2021-11-04 01:23:34

by Alistair Popple

[permalink] [raw]
Subject: [PATCH] mm/hmm.c: Allow VM_MIXEDMAP to work with hmm_range_fault

hmm_range_fault() can be used instead of get_user_pages() for devices
which allow faulting however unlike get_user_pages() it will return an
error when used on a VM_MIXEDMAP range.

To make hmm_range_fault() more closely match get_user_pages() remove
this restriction. This requires dealing with the !ARCH_HAS_PTE_SPECIAL
case in hmm_vma_handle_pte(). Rather than replicating the logic of
vm_normal_page() call it directly and do a check for the zero pfn
similar to what get_user_pages() currently does.

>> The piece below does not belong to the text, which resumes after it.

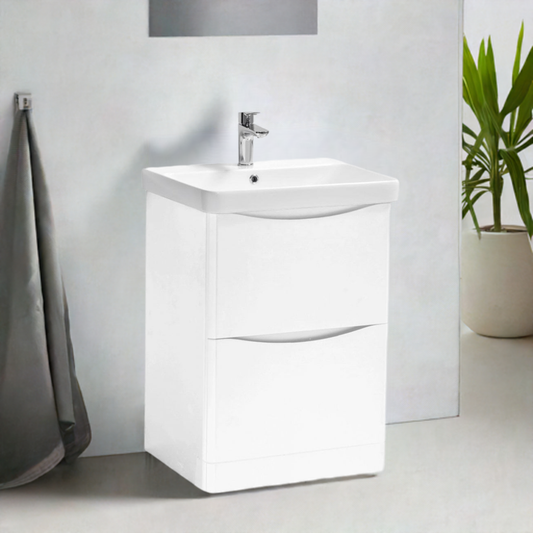 Arc 600mm Floor Standing 2 Drawer Unit & Basin by Kartell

Also add a test to hmm selftest to verify functionality.

Signed-off-by: Alistair Popple <[email protected]>
---
lib/test_hmm.c | 24 +++++++++++++++
mm/hmm.c | 5 +--
tools/testing/selftests/vm/hmm-tests.c | 42 ++++++++++++++++++++++++++
3 files changed, 69 insertions(+), 2 deletions(-)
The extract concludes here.